These two rather slender books overlap considerably in subject matter. Both analyze how financial markets operate, with considerable attention to what is new and changing about these operations, and what these changes may imply for public policies, here and abroad. Although both books are intended for a general audience rather than for academic specialists, both could be somewhat hard going for the financial novice.
The author of the first, Dr. Henry Kaufman, is executive director and chief economist of Salomon Brothers. He is widely known and highly respected in both financial and academic circles. Prof. Howard Wachtel, author of the second, is of a younger generation, and he is surely better known in academia than in the world of finance.
Kaufman argues that current U.S. Government regulation of financial matters and markets needs to be strengthened. His principal proposal is to replace our current network of largely independent regulatory agencies with a single, new "Board of Overseers of Financial Institutions," which would rationalize and integrate public policies involving the complex network of domestic financial practices and transactions. Alongside of this, he would create an independent new federal agency to supervise and regulate international financial practices and institutions. (This latter proposal is very close to what Wachtel recommends; although neither gives much detail on his proposed alterations of regulatory authority.) Presumably, only the regulatory roles of the Federal Reserve would be transferred to Kaufman's new agency, while the "monetary policy" role would remain with the Fed.

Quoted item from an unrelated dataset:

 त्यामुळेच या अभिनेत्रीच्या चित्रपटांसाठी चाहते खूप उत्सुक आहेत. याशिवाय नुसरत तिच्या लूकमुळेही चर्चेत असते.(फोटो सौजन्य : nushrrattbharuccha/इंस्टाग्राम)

A second major section of Kaufman's book deals with long-term changes in the level of interest rates, and in the pattern of rates by type and by term: matters on which Kaufman is a well-known expert. This section may be of more interest to economic theorists and market specialists than to the general reader.

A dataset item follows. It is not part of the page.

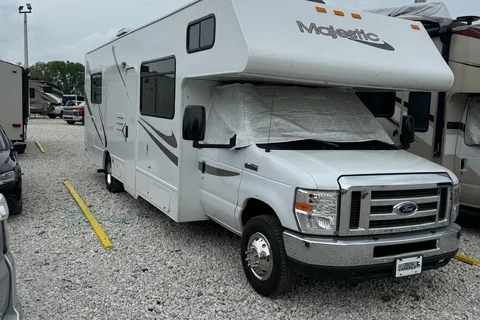 Monica's Thor Motor Coach Four Winds Class C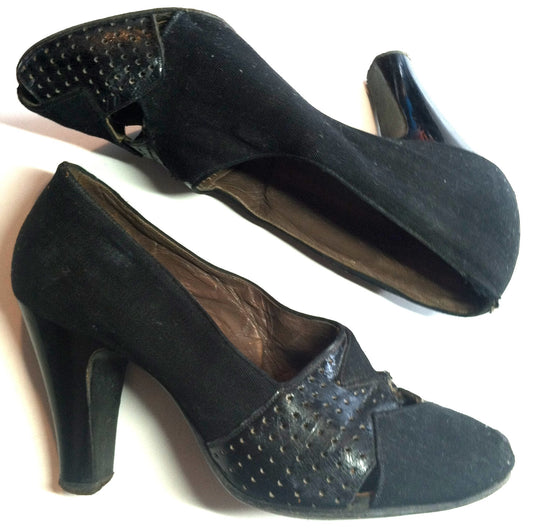 Peaks and Valleys Black Leather and Gabardine Shoes 4.5 circa 1940s Dorothea's Closet Vintage Shoes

Kaufman deals briefly with international as well as domestic monetary and financial affairs, although he centers attention on the domestic side. Wachtel, in contrast, centers almost his entire attention on international financial problems. Whereas businessman Kaufman can and does write like a professor, academician Wachtel here writes rather more like a political journalist.
The matters with which Wachtel is concerned are of enormous importance. They are also enormously complex. In his effort to explain them simply--and colorfully--to the nonprofessional reader, he may occasionally somewhat mislead the novice. Essentially, for example, he seems willing to let his lay reader continue to hold on to the simple concept that money has, or at least represents, some physical reality. Of course, a relatively small quantity of bills and coins is necessary for consumers and retailers to use in small transactions. But most domestic money--and essentially all international money--consists of obligations of banks to pay. These obligations are created and transferred when banks accept deposits and when banks lend. Both the deposit and the loan bring about a transfer of the ownership or control of some third party's (usually a banker's) promise to pay. (This promise is normally extinguished by the transfer to the lending bank of still another bank's promise to pay.)

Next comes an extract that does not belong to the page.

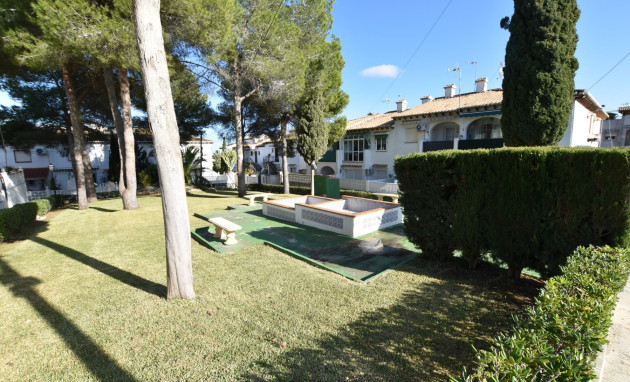 Herverkoop - Terraced house / Townhouse - Torrevieja - Lago Jardín II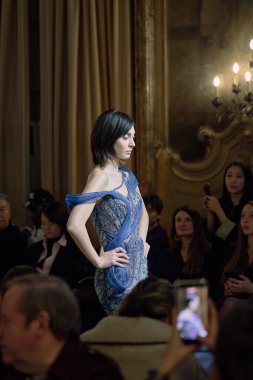 Anne Macchiato - Runway - Milan Moda Haftası - Kadın giyim / Kış 2026 / 2027 MILAN, ITALY - 24 Şubat: İtalya 'nın Milano kentinde bir model podyumda yürüyor. Fotoğraf: Mauro Di Bonavenntura)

We need to worry--both domestically and internationally--whether too many bank loans are being made to customers who will use their "money" unwisely or unsuccessfully. Most specifically, we need to be concerned whether the total volume of lending is consistent with an appropriate and feasible volume of total production.
The post-war explosion of banks' promises to pay across international borders--in part through establishment of U.S. banks' branches or subsidiaries abroad, and of foreign banks' branches or subsidiaries here--has created a corresponding explosion of international money. In turn, of course, this has helped to finance an explosion of production, employment and incomes around the world, in both rich and poor countries. But here and there and now and then, it has financed an amount of production that cannot be carried out because real productive resources are inadequate, or that cannot be sold because international demand is insufficient.
Government's "monetary policies" can affect the volume of both domestic and international demand. But monetary policy gets quite complicated when the domestic banks that will be affected have branches around the world, or when the banks operating domestically include many foreign banks.
It may be that Wachtel occasionally both oversimplifies and, at times, overcomplicates the essence of international money, in his sometimes breathless excitement about some very real problems, the complicated essence of which he may not make sufficiently clear to his lay readers. But many lay readers will find it very much worth the try.